多分コレは主役でもある加山”若大将”雄三氏の存在と喜八監督があえてそうしたということが大きいと思われる。だってアヴァンタイトルで軍旗掲揚の文句がナレーションされ(これは多分留守部隊隊長大江大尉を演じた平田昭彦さんだと思うのだがどうだろうか?)行軍中の部隊に重なった途端に銃撃戦。軍旗を持って逃げる将校(軍旗旗手北原少尉、演じるは久保明氏)そこに独立愚連隊のマーチがかぶる。もうここでこの映画がいったいどんな映画か解らない、引き込まれていく。戦争モノだけど妙にあっけらかんとした軍歌。しかも内容はいわゆる戦意高揚じゃない。でも画面では激しい銃撃、爆発。そしてそのまま物語りは軍旗の行方を巡ってドタバタが続く。
とはいえ荒削りな部分や突っ込みどころもある。(参謀のくだりとか)
考えるに喜八監督は反戦ではあったが戦う事には反対はされておらぬように思う。そこんところ結構混同したり分けて考えられない人が増えてきているんで困ったものだがそういった矜持のある連中が苦境を受けても鼻歌まじりで跳ね返す。そういった今では感じることもすくなくなった胆力のある人間を観ることが出来る物語だ。

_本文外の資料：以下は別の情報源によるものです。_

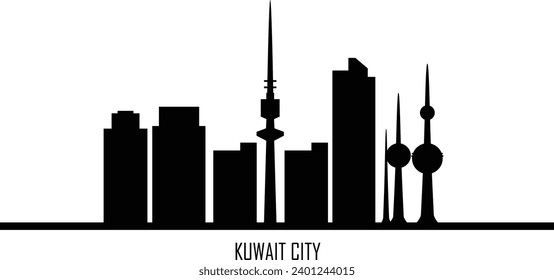 Kuwait city skyline. Kuwait 
skyline and landmarks silhouette, Black tone gradient design on white background, vector illustration. Landscape in flat style. Kuwait city template for your design.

あとこれは余談だがよく喜八監督は西部劇が好きで後年「EAST MEETS WEST」で時代劇と西部劇の融合をやってのけたんだけれどその西部劇魂が炸裂しているのはこの一作前の「独立愚連隊」の方でこちらは物語の骨格が西部劇だった。(風来坊が実は心に秘めた思いをもっていて悪漢と対決、これを退治する。)けどこちらはどちらかというとロードムービーの趣きもあり諸にインディアン(ネイティヴアメリカン)の呼び声、ときの声を左文字小隊の兵隊が上げる。そういったところも喜八監督の遊び心に溢れているが時代を考えると冒険をしたものだと思う。実際に前作「独立愚連隊」では屍累々など描写がきつい所もあり(現代ではもっとえげつない描写がゴマンとあるが)批判を受けなにより戦争肯定ととられたことに忸怩たる思いがあったそうだ。(独立愚連隊DVDスリーブノートより)それだけにこの作品ではさらに喜劇的な要素を強めた。その上悲劇の要素まで盛り込みテめーらは勝手に戦争やってろ、でもどっこい俺たちはそんなもんでやれはしないぜ規則に縛れたってどっこい自由に生きてやる!ということを表現したかったのではないだろうか。

でさらに余談ついでに喜八監督の熱烈ファンとして樋口のシンちゃんがいるが押井さんもそうじゃないのかなと。喜八組常連の天本英世さんを初代月見の銀二にとか。
あと押井つながりで言えはパトレイバーの愚連隊チックな設定とか後藤サンのキャラ造形にはメカデザイナー出淵裕さんが熱烈ファンで監督の『殺人狂時代』をゆうきまさみさんに見せて信者にしたとかいうのをどっかで読んだ記憶があるんだけれどその掲載誌がなんだったかが思い出せない。そういう意味でも結構業界ウチでもその影響は大きい監督さんだった。